Data section section start

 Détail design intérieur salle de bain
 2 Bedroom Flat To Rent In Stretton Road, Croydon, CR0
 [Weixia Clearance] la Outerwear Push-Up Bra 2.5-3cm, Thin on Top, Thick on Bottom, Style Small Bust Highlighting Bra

Data section section end

## Exercise objective
Return all of the lines above exactly, with none omitted.

## Result below
 Détail design intérieur salle de bain
 2 Bedroom Flat To Rent In Stretton Road, Croydon, CR0
 [Weixia Clearance] la Outerwear Push-Up Bra 2.5-3cm, Thin on Top, Thick on Bottom, Style Small Bust Highlighting Bra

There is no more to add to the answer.